One Definition to Rule Them All

A frequently cited rule in the C++ standard is the One Definition Rule. In this article, I’ll show you how I inadvertently blundered into an ODR problem, found my way out, and uncovered a deeper truth about the language standard.

This story starts with a very mundane exercise in debugging using the Windows API function OutputDebugString(), an attempt to simplify my life, followed by a puzzle, and eventually, enlightenment.

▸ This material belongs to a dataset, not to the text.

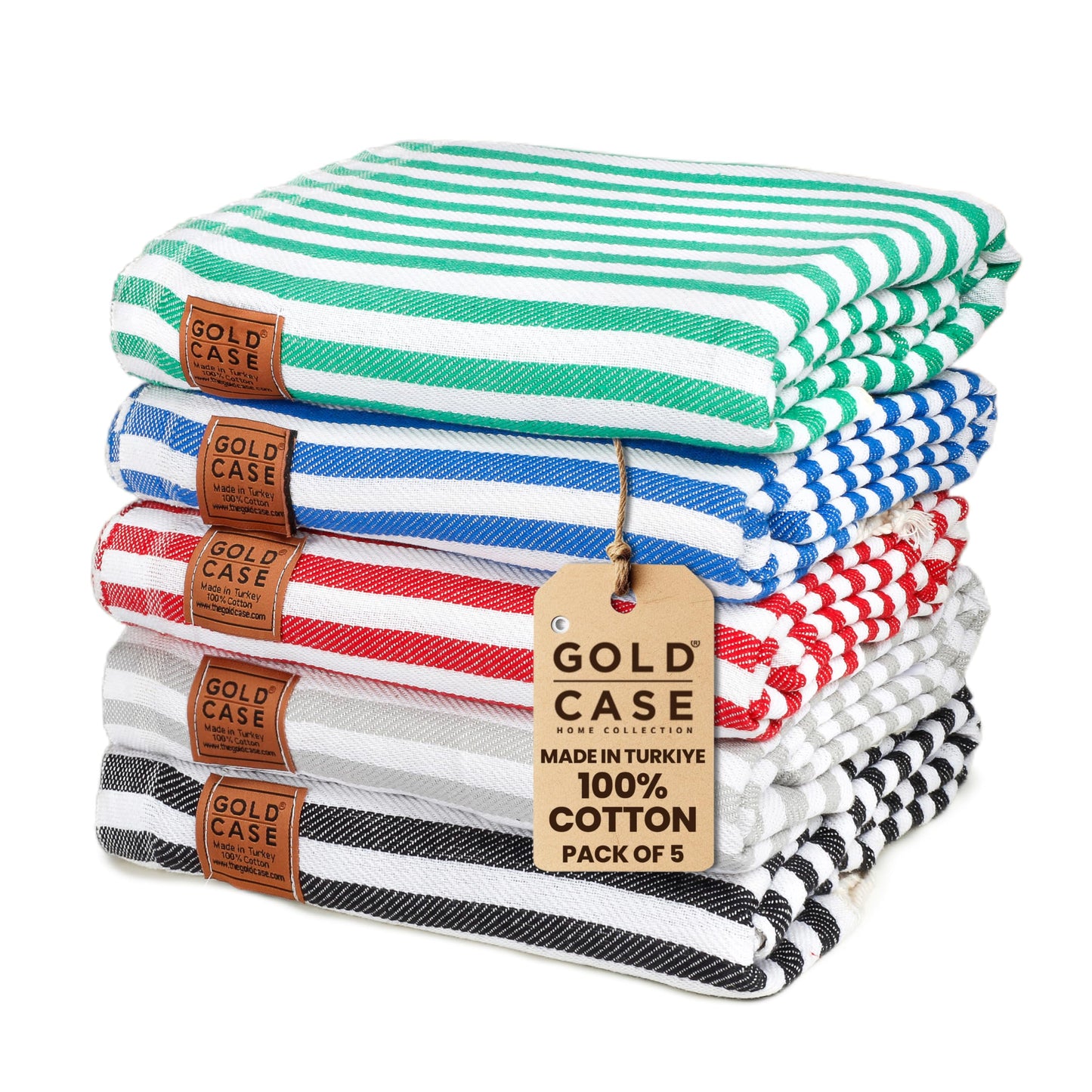 Gold CASE Turkish Beach Towel Set of 5 – 100% Cotton Large Turkish Bath Towels 71 x 40'' – MYRA Oversized, Quick Dry & Sand Free Towels – Lightweight Peshtemal – Multicolor 1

The Pain of OutputDebugString()

If you are a Windows programmer, you are probably familiar with OutputDebugString(). This function allows you to send unadorned strings to the debugger. If you are inside Visual Studio debugging your app, that usually means either your Output or Immediate window. This is useful, but what is even more useful is its use in conjunction with the nifty utility DebugView. DebugView registers with the O/S as a collector of these messages, and offers some nice filtering and highlighting features - I’ve been using it for what seems like decades, and still rely on it for help with tough problems. If you are a fan of printf() debugging, this is your tool.

Note that OutputDebugString() is not a general purpose logging tool - and in fact you generally want it removed from production code. It doesn’t have the kind of flexibility needed for this purpose, anymore than fprintf() would.

As much as I use it, I have to say that OutputDebugString() really sucks in many respects. First, it only accepts a string as an argument. This means for anything except the most trivial debugging scenarios, you are going to have to manually format your text using either something from the sprintf() family of C functions or the std::ostringstream class.

It’s pretty hard to pull this off without generating an extra three or four lines of code, and then all that stuff needs to be cleaned up or removed when you are done. And the last thing you need when debugging a problem is a lot of extra work.

A Blueprint for Improvement

There are any number of ways to work around this problem. My solution comes about via a number of self-imposed constraints:

Using my debugging output facility should require inclusion of a header file - nothing more. No objects to be instantiated, nothing to be added to the class under test.
Creating and outputting a formatted debug message of arbitrary complexity should trend to always using just one line of code.
Because debugging code that introduces bugs is a bit problematic, the code should be immune to buffer overflows and similar issues.

Depending on your proclivities, your solution is often going to be one of these two:

Option One is your own creation along the lines of OutputDebugStringF(), taking a formatting string a la printf(). Programmers who still have C-blood pumping through their veins are going to tend to this solution, and they can even take advantage of modern language features to eliminate many of the issues that crop up with printf() - no buffer overflows, and even no type mismatches.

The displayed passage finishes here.